Throughout his career, Clint Eastwood has played a variety of tough guys. The actor-turned-director thrived in his career playing macho men who weren’t willing to back down from tough fights. It’s interesting then that Eastwood strives the deconstruct the image of tough men in his new drama Cry Macho.
Eastwood plays Mike Milo, a former rodeo star long past retirement. Like the actor himself, Mike received great acclaim for performing as a man willing to take on mighty challenges but his days as a "macho" leading man are behind him.
That changes when Mike's old friend Howard Polk (Dwight Yoakam) approaches him with a request. Howard’s thirteen-year-old son Rafo (Eduardo Minett) is in Mexico living with his unstable mother. Because Howard can’t return to Mexico (due to legal issues), he enlists Mike’s help to cross the border and bring his son back to Texas. “You gave me your word and that used to mean something, Mike,” Howard says.

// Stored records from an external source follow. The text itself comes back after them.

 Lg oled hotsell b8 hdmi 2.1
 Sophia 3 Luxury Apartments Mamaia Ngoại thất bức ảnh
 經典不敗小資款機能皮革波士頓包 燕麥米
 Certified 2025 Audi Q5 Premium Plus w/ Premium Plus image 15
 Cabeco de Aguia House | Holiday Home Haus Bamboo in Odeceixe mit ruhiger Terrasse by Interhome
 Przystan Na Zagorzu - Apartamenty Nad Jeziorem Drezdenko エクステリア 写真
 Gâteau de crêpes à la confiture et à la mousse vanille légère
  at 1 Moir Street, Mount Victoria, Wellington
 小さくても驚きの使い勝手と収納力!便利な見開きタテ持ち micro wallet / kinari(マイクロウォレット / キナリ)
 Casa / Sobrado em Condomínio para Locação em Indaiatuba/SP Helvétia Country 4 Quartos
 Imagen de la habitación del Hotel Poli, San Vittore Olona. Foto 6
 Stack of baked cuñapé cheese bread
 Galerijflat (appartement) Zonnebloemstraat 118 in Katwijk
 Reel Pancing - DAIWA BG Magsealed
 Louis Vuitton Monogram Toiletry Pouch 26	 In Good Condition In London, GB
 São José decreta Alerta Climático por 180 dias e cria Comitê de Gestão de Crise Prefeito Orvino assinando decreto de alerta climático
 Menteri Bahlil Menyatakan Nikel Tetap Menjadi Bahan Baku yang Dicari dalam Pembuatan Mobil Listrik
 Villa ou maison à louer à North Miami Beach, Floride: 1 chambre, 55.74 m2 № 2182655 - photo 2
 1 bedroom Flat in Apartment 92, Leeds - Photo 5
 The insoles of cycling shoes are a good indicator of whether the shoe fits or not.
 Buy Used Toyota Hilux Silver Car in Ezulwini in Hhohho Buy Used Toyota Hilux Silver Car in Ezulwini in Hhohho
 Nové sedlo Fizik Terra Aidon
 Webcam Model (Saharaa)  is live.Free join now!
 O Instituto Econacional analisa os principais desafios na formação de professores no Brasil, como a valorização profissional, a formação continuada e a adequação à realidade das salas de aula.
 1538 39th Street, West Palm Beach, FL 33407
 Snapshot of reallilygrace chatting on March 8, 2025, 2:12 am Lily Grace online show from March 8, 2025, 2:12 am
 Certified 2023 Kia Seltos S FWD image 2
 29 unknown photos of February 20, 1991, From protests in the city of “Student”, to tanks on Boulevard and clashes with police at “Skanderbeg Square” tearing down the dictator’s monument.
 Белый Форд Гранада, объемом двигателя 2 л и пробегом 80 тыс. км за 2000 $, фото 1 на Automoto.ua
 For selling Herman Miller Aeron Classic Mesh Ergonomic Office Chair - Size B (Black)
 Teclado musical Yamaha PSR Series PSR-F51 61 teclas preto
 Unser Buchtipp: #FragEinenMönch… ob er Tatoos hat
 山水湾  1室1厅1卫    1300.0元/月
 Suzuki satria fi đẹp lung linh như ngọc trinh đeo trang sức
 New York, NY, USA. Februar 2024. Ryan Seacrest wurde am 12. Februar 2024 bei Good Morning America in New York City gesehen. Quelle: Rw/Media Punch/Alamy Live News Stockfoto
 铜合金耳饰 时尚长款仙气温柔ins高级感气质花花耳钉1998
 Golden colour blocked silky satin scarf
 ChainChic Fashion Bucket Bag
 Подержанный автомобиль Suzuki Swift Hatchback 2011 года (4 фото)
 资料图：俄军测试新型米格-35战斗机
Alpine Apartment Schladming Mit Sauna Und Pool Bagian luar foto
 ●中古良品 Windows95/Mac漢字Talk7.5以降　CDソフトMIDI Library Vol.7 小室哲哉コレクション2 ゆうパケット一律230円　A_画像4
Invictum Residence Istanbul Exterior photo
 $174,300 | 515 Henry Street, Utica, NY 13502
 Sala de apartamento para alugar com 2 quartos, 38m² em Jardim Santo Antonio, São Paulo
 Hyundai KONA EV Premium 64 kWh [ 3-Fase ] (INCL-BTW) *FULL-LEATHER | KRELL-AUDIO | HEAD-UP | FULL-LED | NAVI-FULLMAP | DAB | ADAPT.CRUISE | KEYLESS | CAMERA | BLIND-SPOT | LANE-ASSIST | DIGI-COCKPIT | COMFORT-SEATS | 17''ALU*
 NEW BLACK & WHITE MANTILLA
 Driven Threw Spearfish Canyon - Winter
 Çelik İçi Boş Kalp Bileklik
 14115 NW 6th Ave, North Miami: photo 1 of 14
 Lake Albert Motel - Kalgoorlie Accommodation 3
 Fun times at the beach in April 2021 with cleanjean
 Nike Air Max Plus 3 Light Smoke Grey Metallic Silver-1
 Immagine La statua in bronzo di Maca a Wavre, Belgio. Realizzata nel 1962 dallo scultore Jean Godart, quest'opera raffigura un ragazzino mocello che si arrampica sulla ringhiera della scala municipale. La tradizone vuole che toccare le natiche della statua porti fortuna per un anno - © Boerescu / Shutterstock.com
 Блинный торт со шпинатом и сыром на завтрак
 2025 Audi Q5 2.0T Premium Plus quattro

That sets Mike up on a trip across the border. Interestingly enough, Rafo isn’t as hesitant to leave Mexico as the original premise sets up. In fact, he's living on the streets rather than stay in his mother's palatial home. (“On the street, I trust no one but it’s safer than home,” he says.)
The film isn’t about Mike convincing Rafo to leave Mexico. It’s about their journey towards the border and the relationship that develops along the way. Mike, an older man with a storied history as a cowboy and a rodeo performer, has a history of machismo that Rafo only dreams of but talks to Rafo about what it all means in the long-term. “This macho thing is overrated,” Mike says. In that way, Eastwood seems to be stepping back from his image as a tough guy and showing that there's more to life than the appearance of machismo.
The plot itself is slow-moving and meandering. However, there’s a lot of heart in this story about two men reaching pivotal moments in their lives and when the duo get stuck in a Mexican, there’s a sweet subplot about Mike’s budding relationship with a restaurant owner named Marta (Natalia Traven). A lot of time is spent in the small Mexican town and looking back, it feels like the story could've worked better if more of the film was spent in this small community (instead of the film taking its time getting there).
That being said, both Eastwood and Minett do solid work in their leading roles. Eastwood makes his performance look easy — taking on the role of a retired man coming to terms with his life's choices and decisions — while Minett reveals himself as a solid performer, revealing a character struggling to find his own unique place in the world.
Cry Macho won’t likely be considered in Eastwood’s top tier of films but it’s a solid entry in his filmography: a gentle, quiet and sobering look at what being “macho” truly means.
The film is in theaters now and also available on HBO Max.